Dylan Coghlan has received several questions about his magnificent mustache, which is a remnant from his time with the Golden Knights in the postseason bubble.

“I’ve tried to shave it multiple times but just can’t seem to do it,” he said.

But along with his facial hair, Coghlan’s play has attracted attention during training camp.

He is getting a long look from coach Pete DeBoer and his staff as one of the few right-handed defensemen in the organization.

“He worked out with Cody Glass in the offseason and really put on a lot of good weight,” DeBoer said. “When you’re looking for defensemen with how the game is now being played — big, strong, (can) skate, good offensive instincts — there’s a lot there to like. He’s knocking on the door.”

Coghlan used his booming shot from the point to register 11 goals in 60 games in the American Hockey League last season and topped all Chicago Wolves defensemen with 24 points.
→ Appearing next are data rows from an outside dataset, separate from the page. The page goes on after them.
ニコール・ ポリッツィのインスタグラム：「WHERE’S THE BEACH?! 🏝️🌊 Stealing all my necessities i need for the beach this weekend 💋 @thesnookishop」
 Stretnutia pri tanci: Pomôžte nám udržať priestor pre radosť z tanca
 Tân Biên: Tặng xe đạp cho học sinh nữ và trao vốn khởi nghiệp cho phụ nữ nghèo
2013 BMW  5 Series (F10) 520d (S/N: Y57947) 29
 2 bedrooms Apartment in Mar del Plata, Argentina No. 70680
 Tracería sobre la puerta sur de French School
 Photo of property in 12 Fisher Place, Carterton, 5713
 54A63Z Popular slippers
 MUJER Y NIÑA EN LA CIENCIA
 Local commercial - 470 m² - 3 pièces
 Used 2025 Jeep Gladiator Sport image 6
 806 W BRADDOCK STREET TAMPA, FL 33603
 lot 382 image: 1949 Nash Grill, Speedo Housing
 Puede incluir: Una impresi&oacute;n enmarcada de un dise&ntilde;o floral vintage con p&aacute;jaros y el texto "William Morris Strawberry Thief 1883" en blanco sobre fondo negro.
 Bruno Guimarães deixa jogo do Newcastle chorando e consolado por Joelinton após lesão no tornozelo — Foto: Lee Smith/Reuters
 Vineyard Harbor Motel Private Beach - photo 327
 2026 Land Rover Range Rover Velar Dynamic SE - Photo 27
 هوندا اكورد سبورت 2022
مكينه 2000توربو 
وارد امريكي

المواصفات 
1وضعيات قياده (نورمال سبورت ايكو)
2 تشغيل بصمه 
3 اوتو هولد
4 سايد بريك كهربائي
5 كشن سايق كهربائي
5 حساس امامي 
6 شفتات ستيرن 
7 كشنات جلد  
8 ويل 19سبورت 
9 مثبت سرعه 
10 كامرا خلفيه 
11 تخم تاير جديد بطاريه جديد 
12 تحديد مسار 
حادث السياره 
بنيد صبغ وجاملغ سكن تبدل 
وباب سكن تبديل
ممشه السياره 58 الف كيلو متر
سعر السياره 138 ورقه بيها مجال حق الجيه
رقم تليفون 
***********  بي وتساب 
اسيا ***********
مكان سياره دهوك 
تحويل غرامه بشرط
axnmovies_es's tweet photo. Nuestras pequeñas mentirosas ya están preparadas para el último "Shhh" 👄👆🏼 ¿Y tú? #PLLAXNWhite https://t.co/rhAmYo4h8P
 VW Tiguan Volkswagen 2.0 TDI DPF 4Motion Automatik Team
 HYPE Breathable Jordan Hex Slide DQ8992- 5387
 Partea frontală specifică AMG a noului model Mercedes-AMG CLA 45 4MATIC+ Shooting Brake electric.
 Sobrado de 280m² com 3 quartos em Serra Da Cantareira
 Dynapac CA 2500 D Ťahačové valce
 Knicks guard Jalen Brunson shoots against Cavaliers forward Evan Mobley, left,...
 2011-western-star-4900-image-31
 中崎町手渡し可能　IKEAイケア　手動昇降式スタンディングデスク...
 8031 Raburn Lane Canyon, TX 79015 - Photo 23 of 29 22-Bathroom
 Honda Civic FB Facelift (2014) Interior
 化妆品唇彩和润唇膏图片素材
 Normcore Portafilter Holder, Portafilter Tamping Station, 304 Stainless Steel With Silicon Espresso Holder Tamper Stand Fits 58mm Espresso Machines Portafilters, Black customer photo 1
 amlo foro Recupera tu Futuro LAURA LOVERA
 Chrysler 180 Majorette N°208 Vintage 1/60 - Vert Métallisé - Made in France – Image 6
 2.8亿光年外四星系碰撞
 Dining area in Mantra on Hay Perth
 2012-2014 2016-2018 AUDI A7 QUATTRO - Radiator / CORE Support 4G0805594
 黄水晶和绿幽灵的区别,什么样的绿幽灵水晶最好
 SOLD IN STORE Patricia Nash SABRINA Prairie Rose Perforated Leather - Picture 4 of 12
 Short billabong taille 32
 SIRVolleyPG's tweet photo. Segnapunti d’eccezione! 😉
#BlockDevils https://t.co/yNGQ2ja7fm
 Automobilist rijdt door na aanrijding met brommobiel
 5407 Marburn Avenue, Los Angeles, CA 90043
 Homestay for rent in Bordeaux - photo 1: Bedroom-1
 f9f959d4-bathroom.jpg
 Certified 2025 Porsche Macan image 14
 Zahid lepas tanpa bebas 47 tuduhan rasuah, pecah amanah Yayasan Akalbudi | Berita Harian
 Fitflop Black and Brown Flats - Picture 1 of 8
He was one of two defensemen from the AHL, along with Nic Hague, to make the postseason roster and impressed DeBoer while skating with the Black Aces during the team’s time in Edmonton, Alberta.

Coghlan, who turns 23 on Feb. 19, has been paired with veteran Nick Holden in training camp as he tries to win a roster spot or place on the taxi squad. Otherwise, he would play for the Silver Knights in the AHL.

“Anytime I get on the ice I want to showcase myself as best as I can,” Coghlan said. “I haven’t gotten a lot of time with (the coaching staff), so I have to take advantage of every opportunity I have.”

Dry run

The Knights simulated a game day Thursday, which included an optional morning skate at City National Arena and meetings capped by a scrimmage that evening at T-Mobile Arena. The game was closed to the public and media.

The scrimmage provided the first opportunity to work extensively on special teams. DeBoer can deploy defensemen Alex Pietrangelo and Shea Theodore on the same power play or split them up to quarterback their own unit.

“It opens up a lot of options,” DeBoer said. “We’ve still got heavy competition for jobs and spots in the lineup. It’s going to be some real tough decisions to make with the depth we have in the organization. Another opportunity for guys to show their stuff.”

Chirping the zebra

Assistant coach Ryan Craig served as the lone official during scrimmages the first three days of training camp, and apparently he’s not going to take Wes McCauley’s job as an NHL referee anytime soon.

“I think there’s a couple missed calls, personally,” Theodore said with a grin.

“I agree,” center William Karlsson said later. “He’s got to get better at that.”

Craig did earn praise from Theodore for the No. 35 referee jersey he had on after not wearing stripes while officiating during previous training camps.

“Overall, he was OK. It’s tough being out there on your own with two teams yapping on you and complaining,” Karlsson said with tongue in cheek. “I guess he should have credit for that.”